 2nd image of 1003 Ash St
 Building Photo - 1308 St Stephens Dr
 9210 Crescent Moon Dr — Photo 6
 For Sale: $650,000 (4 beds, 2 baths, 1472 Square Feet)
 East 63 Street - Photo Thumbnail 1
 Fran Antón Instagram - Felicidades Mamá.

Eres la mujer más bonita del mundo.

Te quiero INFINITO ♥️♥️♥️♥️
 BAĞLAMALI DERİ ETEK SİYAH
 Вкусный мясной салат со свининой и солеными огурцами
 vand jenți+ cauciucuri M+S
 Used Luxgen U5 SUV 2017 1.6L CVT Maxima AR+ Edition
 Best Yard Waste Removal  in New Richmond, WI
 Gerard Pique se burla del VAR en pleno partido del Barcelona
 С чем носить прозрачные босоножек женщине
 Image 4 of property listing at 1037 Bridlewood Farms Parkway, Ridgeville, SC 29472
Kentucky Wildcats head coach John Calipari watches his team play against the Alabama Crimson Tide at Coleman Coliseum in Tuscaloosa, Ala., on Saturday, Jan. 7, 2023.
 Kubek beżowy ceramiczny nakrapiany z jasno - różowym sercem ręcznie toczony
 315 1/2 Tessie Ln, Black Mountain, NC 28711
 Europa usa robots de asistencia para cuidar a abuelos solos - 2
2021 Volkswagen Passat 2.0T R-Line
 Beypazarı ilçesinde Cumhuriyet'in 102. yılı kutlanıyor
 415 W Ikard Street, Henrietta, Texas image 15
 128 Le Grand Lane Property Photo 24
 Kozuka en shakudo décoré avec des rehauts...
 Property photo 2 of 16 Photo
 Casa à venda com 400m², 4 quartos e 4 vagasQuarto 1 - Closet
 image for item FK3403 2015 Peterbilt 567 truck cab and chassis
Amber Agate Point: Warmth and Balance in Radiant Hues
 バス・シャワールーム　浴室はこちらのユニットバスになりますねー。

—————

• [EXERCISE OBJECTIVE]:
For the material above, reproduce exactly the lines from the line with "2021 Volkswagen Passat 2.0T R-Line" to the line with "Property photo 2 of 16 Photo", inclusive, and exclude all others.

• [EXERCISE SOLUTION]:
2021 Volkswagen Passat 2.0T R-Line
 Beypazarı ilçesinde Cumhuriyet'in 102. yılı kutlanıyor
 415 W Ikard Street, Henrietta, Texas image 15
 128 Le Grand Lane Property Photo 24
 Kozuka en shakudo décoré avec des rehauts...
 Property photo 2 of 16 Photo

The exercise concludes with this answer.